Porque o futebol é um fenómeno de massas, é a maior representação de Portugal para lá das fronteiras e o país não consegue disseminar essa representação por outros lados. Dizem os sociólogos. E as bandeiras que, ontem, se multiplicaram pelas fachadas, como se tivesse sido preciso humilhar a Coreia do Norte para haver Portugal.
Hoje, "o desporto é um dos tabuleiros onde as negociações identitárias mais tomam forma" e "dizer estou-me nas tintas para a selecção nacional seria como dizer estou-me nas tintas para o país", explica João Sedas Nunes, sociólogo que dedicou o doutoramento ao fenómeno futebolístico. E Portugal sorriu. Porque foram sete secos. "Ganhámos". Fosse o contrário e seriam eles, os que lá estão na longínqua África do Sul, quem perdeu. Não nós.

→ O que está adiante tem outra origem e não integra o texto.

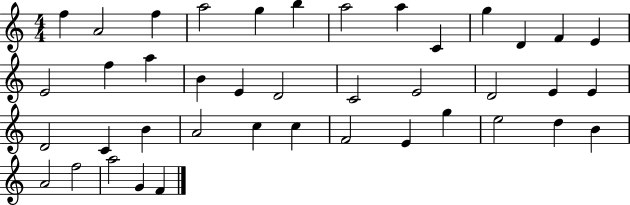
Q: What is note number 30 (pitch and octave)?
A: C5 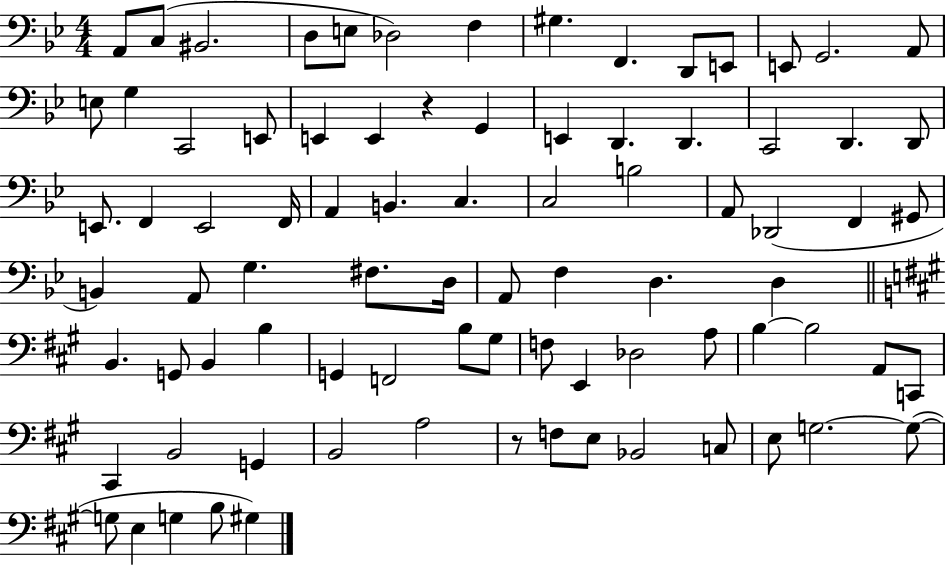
{
  \clef bass
  \numericTimeSignature
  \time 4/4
  \key bes \major
  a,8 c8( bis,2. | d8 e8 des2) f4 | gis4. f,4. d,8 e,8 | e,8 g,2. a,8 | \break e8 g4 c,2 e,8 | e,4 e,4 r4 g,4 | e,4 d,4. d,4. | c,2 d,4. d,8 | \break e,8. f,4 e,2 f,16 | a,4 b,4. c4. | c2 b2 | a,8 des,2( f,4 gis,8 | \break b,4) a,8 g4. fis8. d16 | a,8 f4 d4. d4 | \bar "||" \break \key a \major b,4. g,8 b,4 b4 | g,4 f,2 b8 gis8 | f8 e,4 des2 a8 | b4~~ b2 a,8 c,8 | \break cis,4 b,2 g,4 | b,2 a2 | r8 f8 e8 bes,2 c8 | e8 g2.~~ g8~(~ | \break g8 e4 g4 b8 gis4) | \bar "|."
}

"O povo dá à selecção a prerrogativa de ser a imagem do país", acrescenta Manuel Sérgio, teórico do futebol. E, por instantes, maiores ou menores, esquece-se dos "problemas gravíssimos" do dia-a-dia. "Antigamente, dizia-se que a religião era o ópio do povo. No nosso tempo, pode dizer-se que o futebol está a sê-lo. É a grande manifestação da alma colectiva de um povo".

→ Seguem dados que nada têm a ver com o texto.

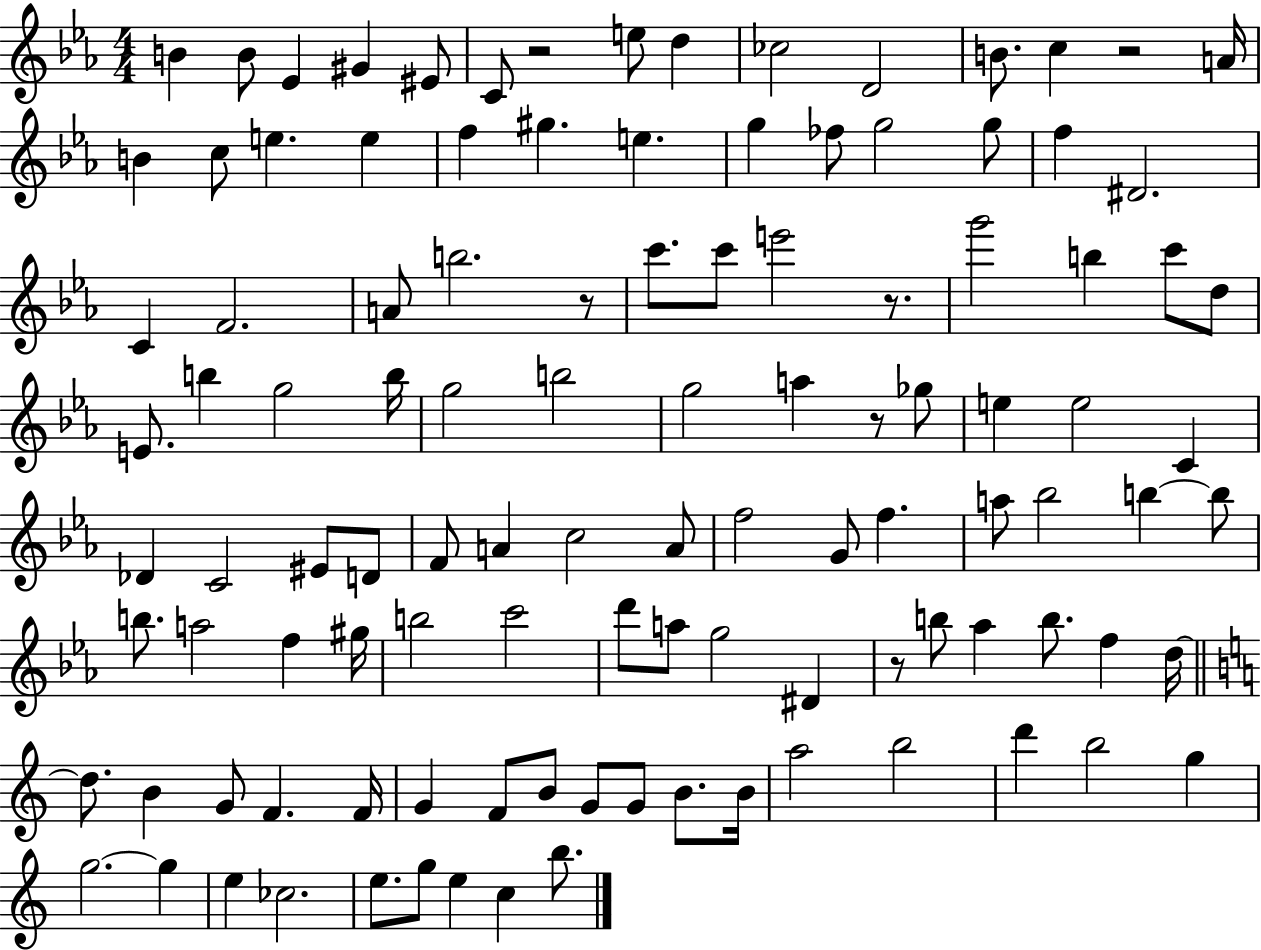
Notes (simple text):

B4/q B4/e Eb4/q G#4/q EIS4/e C4/e R/h E5/e D5/q CES5/h D4/h B4/e. C5/q R/h A4/s B4/q C5/e E5/q. E5/q F5/q G#5/q. E5/q. G5/q FES5/e G5/h G5/e F5/q D#4/h. C4/q F4/h. A4/e B5/h. R/e C6/e. C6/e E6/h R/e. G6/h B5/q C6/e D5/e E4/e. B5/q G5/h B5/s G5/h B5/h G5/h A5/q R/e Gb5/e E5/q E5/h C4/q Db4/q C4/h EIS4/e D4/e F4/e A4/q C5/h A4/e F5/h G4/e F5/q. A5/e Bb5/h B5/q B5/e B5/e. A5/h F5/q G#5/s B5/h C6/h D6/e A5/e G5/h D#4/q R/e B5/e Ab5/q B5/e. F5/q D5/s D5/e. B4/q G4/e F4/q. F4/s G4/q F4/e B4/e G4/e G4/e B4/e. B4/s A5/h B5/h D6/q B5/h G5/q G5/h. G5/q E5/q CES5/h. E5/e. G5/e E5/q C5/q B5/e.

E por que não o é a cultura, por exemplo? Porque o futebol "é uma competição, em que se vence alguém, enquanto a Mariza é bem sucedida sem ganhar nada a ninguém. Se calhar as sociedades precisam de guerras, de confrontos de identidade, de batalhas fingidas", arrisca João Nuno Coelho, outro sociólogo atento ao desporto. João Seda Nunes alinha. "É através do desporto que as nações se digladiam, se confrontam", num papel que antes cabia às instituições políticas. E guerreiras, diz Manuel Sérgio. "O herói clássico está presente em cada um dos jogadores", em partidas que são "batalhas estilizadas".
Mas só por breves instantes. A pressão para a atenção à selecção produz "alegrias breves", a compensação necessária para regressar à vida. Porque "um campeão não resulta em qualquer transformação económico ou político", conclui João Nuno Coelho.